Problem requirements – Output the records exactly as they appear, with no pictures included.

[Crawled caption data]

-- Opening Marker --

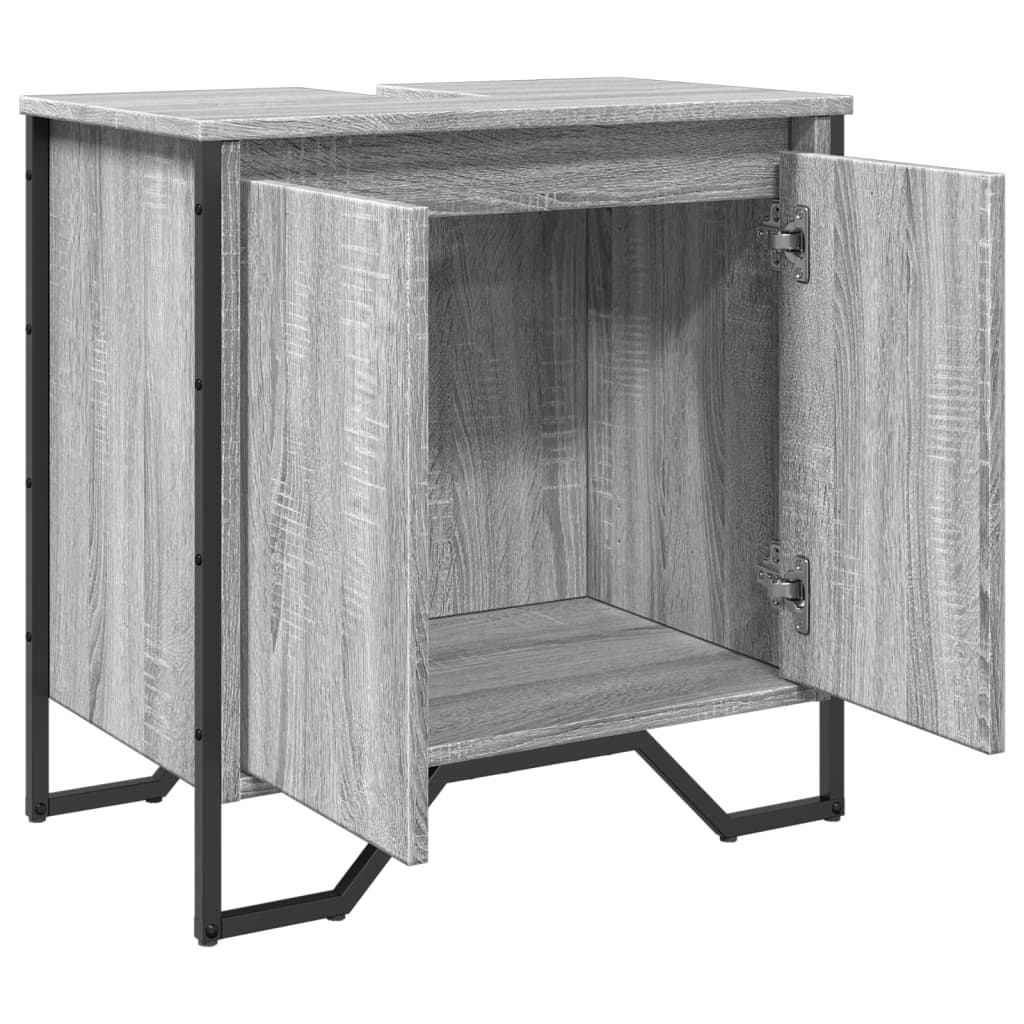 Wastafelkast 60x35x60 cm bewerkt hout grijs sonoma eikenkleurig is nu te koop bij PeponiXL, paradijselijk wonen!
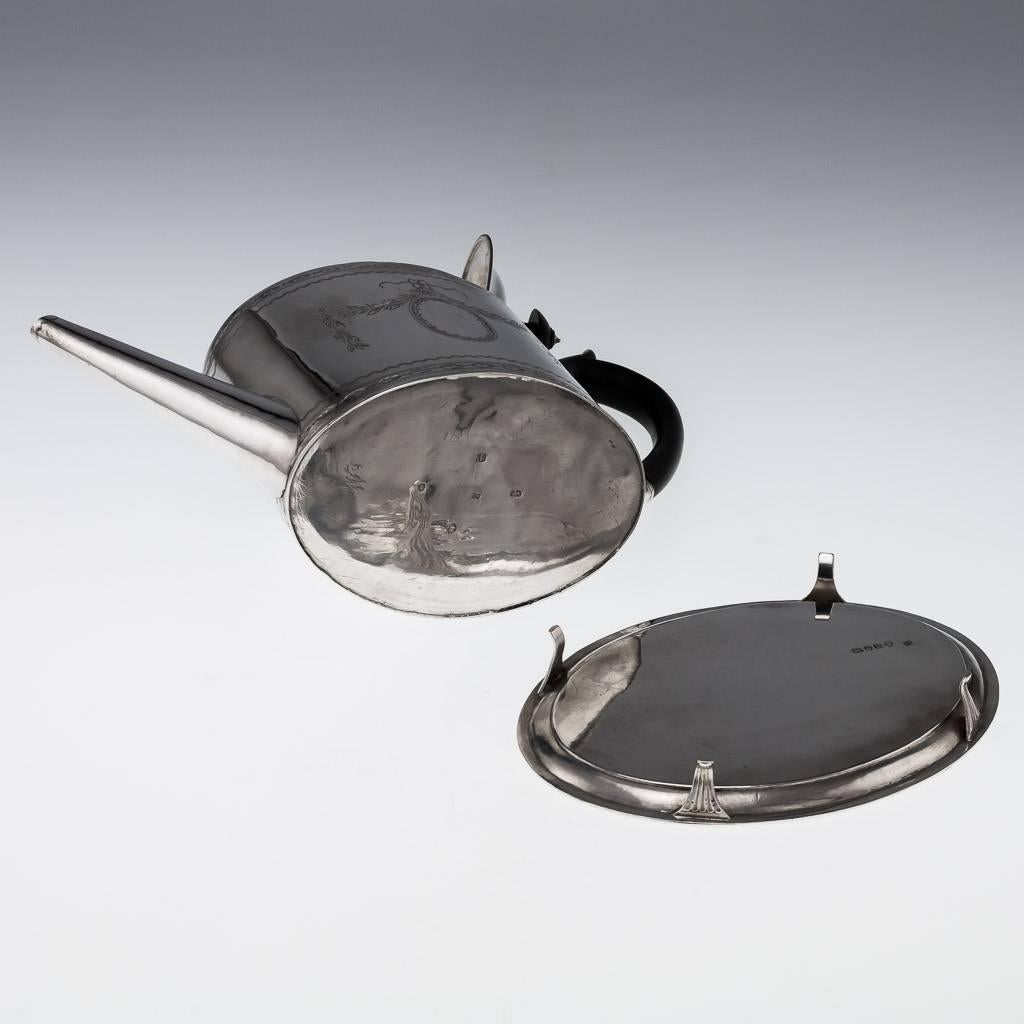 Sterling Silver Antique Georgian Peter & Jonathan Bateman Solid Silver Teapot and Stand, 1790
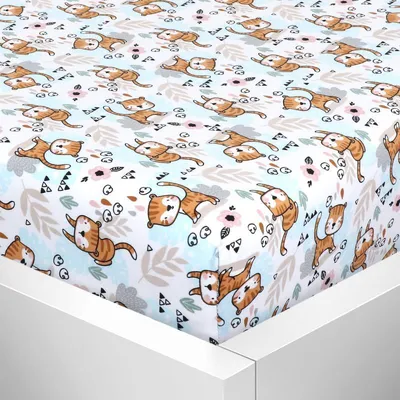 Obrázok produktu pre Prestieradlo jersey s Elastanom - 60x120 cm - Mačička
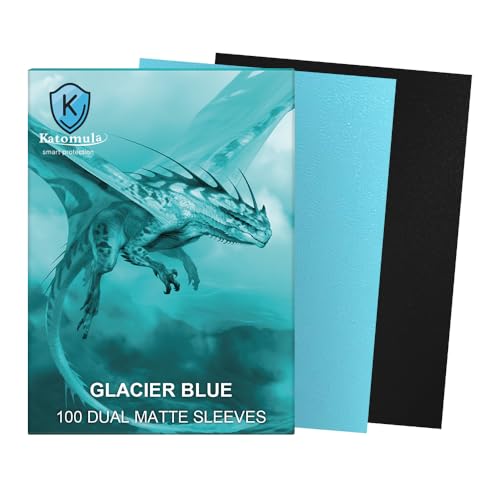 Glacier Blue Dual Matte Card Sleeves, Katomula Card Sleeves for MTG, Standard Card Sleeve for PKM, Flesh & Blood - color: Glacier Blue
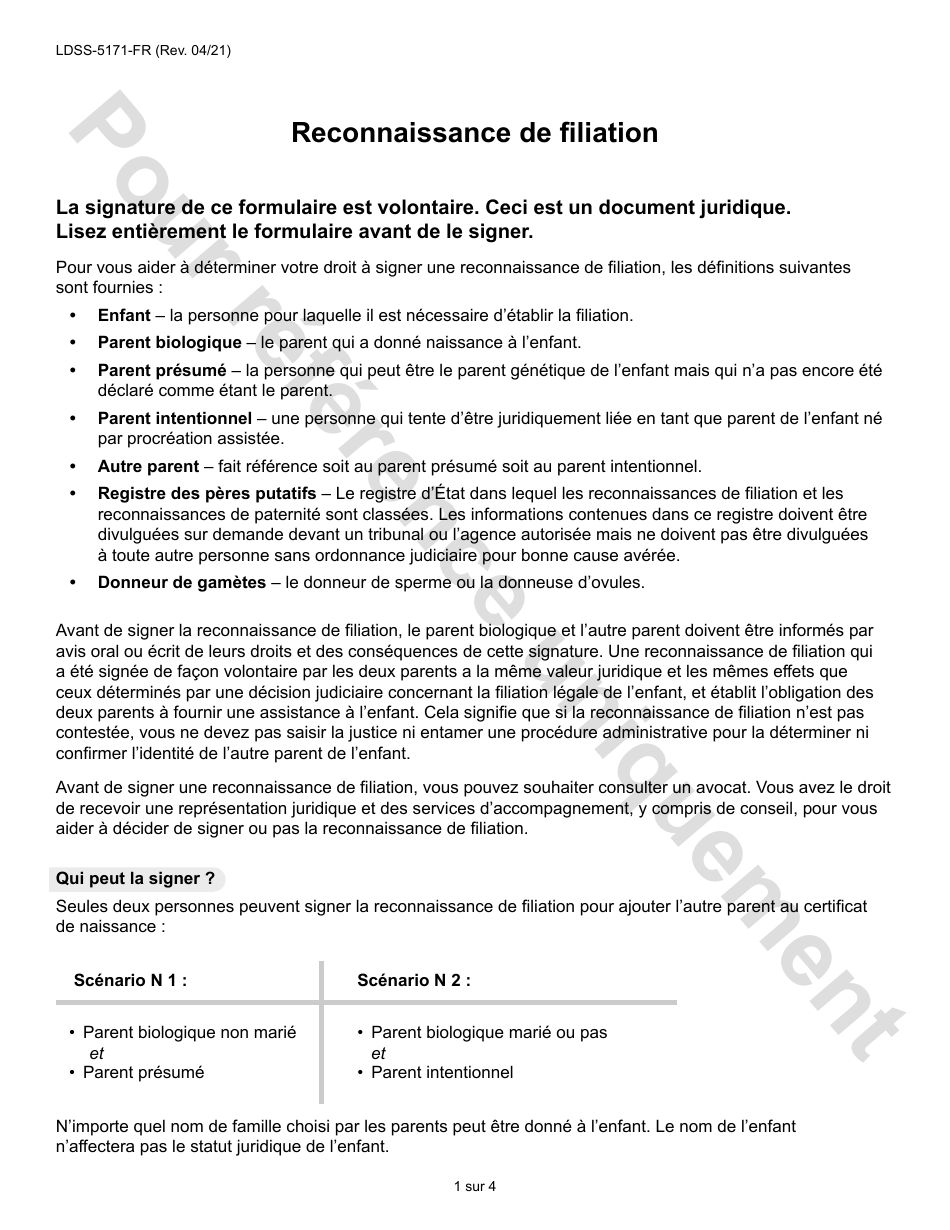 Form LDSS-5171 Acknowledgment of Parentage - New York (French), Page 1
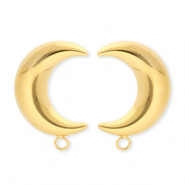 BY31® Componenti in acciaio inossidabile orecchini luna con anellino oro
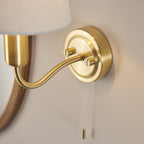 93852 Conway 1 Light Bathroom Wall Light Brass Ivory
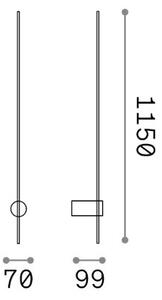 Nástěnné svítidlo LED 3000K mosadzná IP20 Ideal Lux ESSENCE 371719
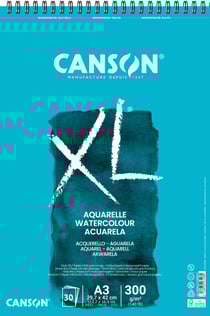 Album Canson XL Aquarelle - Reliure à anneaux métalliques - A3 - 30 feuilles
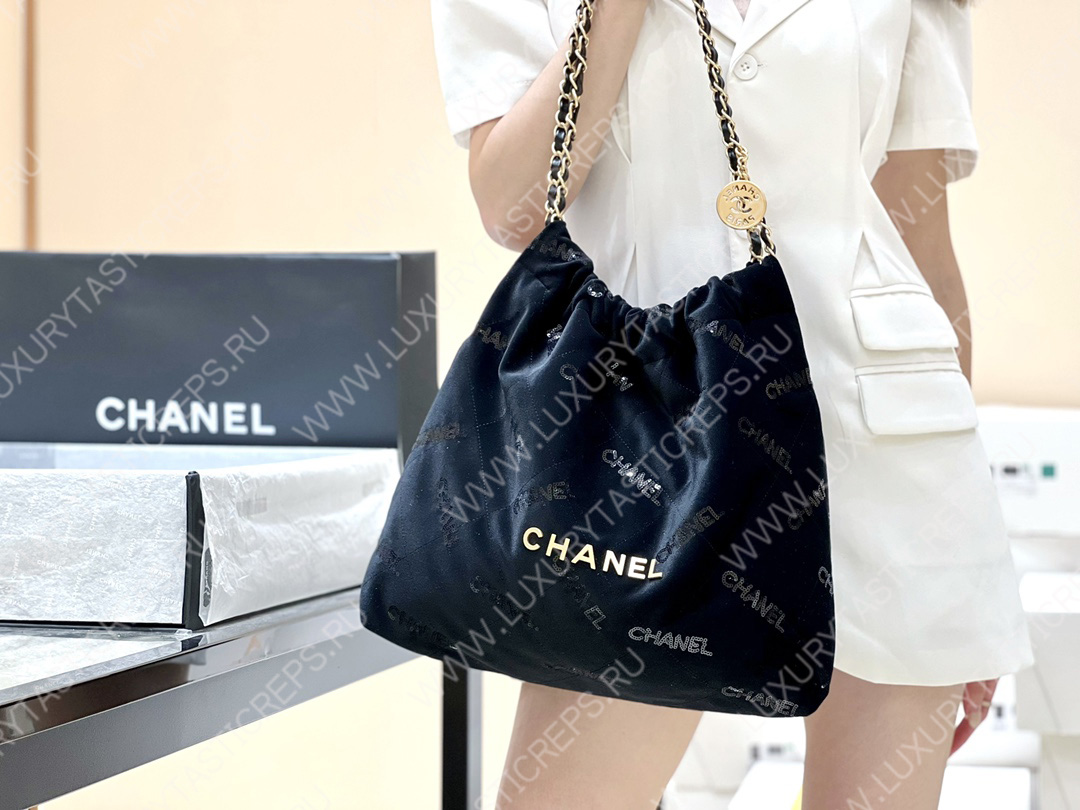 Ch*el 22 handbag black as3261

-- Closing Marker --

Task result –
 Wastafelkast 60x35x60 cm bewerkt hout grijs sonoma eikenkleurig is nu te koop bij PeponiXL, paradijselijk wonen!
 Sterling Silver Antique Georgian Peter & Jonathan Bateman Solid Silver Teapot and Stand, 1790
 Obrázok produktu pre Prestieradlo jersey s Elastanom - 60x120 cm - Mačička
 Glacier Blue Dual Matte Card Sleeves, Katomula Card Sleeves for MTG, Standard Card Sleeve for PKM, Flesh & Blood - color: Glacier Blue
 Form LDSS-5171 Acknowledgment of Parentage - New York (French), Page 1
 BY31® Componenti in acciaio inossidabile orecchini luna con anellino oro
 93852 Conway 1 Light Bathroom Wall Light Brass Ivory
 Nástěnné svítidlo LED 3000K mosadzná IP20 Ideal Lux ESSENCE 371719
 Album Canson XL Aquarelle - Reliure à anneaux métalliques - A3 - 30 feuilles
 Ch*el 22 handbag black as3261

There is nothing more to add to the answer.